Kepribadian Ikut Menentukan Isi Mimpi
Penelitian juga mengungkap bahwa kepribadian berpengaruh besar terhadap jenis mimpi yang dialami seseorang. Orang yang pikirannya mudah mengembara atau sering melamun cenderung memiliki mimpi yang berubah cepat dan terputus-putus.
Sebaliknya, individu yang menganggap mimpi penting biasanya mengalami mimpi yang lebih detail, mendalam, dan terasa nyata. Selain itu, kualitas tidur, kebiasaan harian, kemampuan kognitif, serta profil psikologis turut memengaruhi bagaimana mimpi terbentuk.
Hal ini menunjukkan bahwa mimpi tidak terjadi secara acak. Banyak faktor yang saling berinteraksi dan membentuk cerita di dalam mimpi seseorang.
Peristiwa Besar Bisa Mengubah Mimpi
Menariknya, penelitian juga menemukan bahwa peristiwa besar dalam kehidupan nyata dapat memengaruhi isi mimpi. Saat masa lockdown pandemi COVID-19, banyak orang mengalami mimpi yang lebih emosional dengan tema keterbatasan, rasa terjebak, atau kesulitan bergerak.
Seiring waktu, isi mimpi berubah ketika masyarakat mulai beradaptasi dengan situasi tersebut. Temuan ini memperkuat anggapan bahwa mimpi bergerak mengikuti kondisi psikologis dan sosial yang sedang dialami seseorang.

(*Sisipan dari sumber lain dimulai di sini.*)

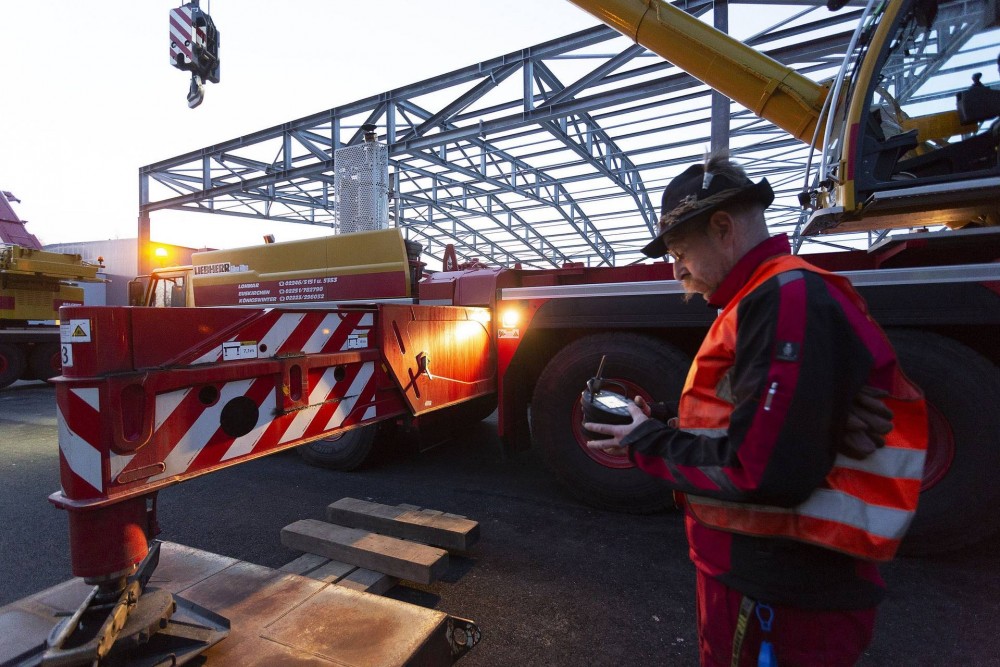 Rüstzeit: Kurz nach Morgengrauen werden die sechs Krane für den gemeinsamen Hub vorbereitet. Hier werden die Stützen des LTM 1300-6.2 ausgefahren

Penelitian ini juga memanfaatkan teknologi kecerdasan buatan dan natural language processing (NLP) untuk menganalisis laporan mimpi. Menariknya, sistem AI mampu menilai struktur dan makna mimpi dengan akurasi yang mendekati penilaian manusia.
Dengan temuan ini, mimpi kini dipandang sebagai jendela untuk memahami cara kerja otak saat tidur. Penelitian tersebut membuka peluang baru dalam studi psikologi, kesehatan mental, hingga ilmu saraf di masa depan.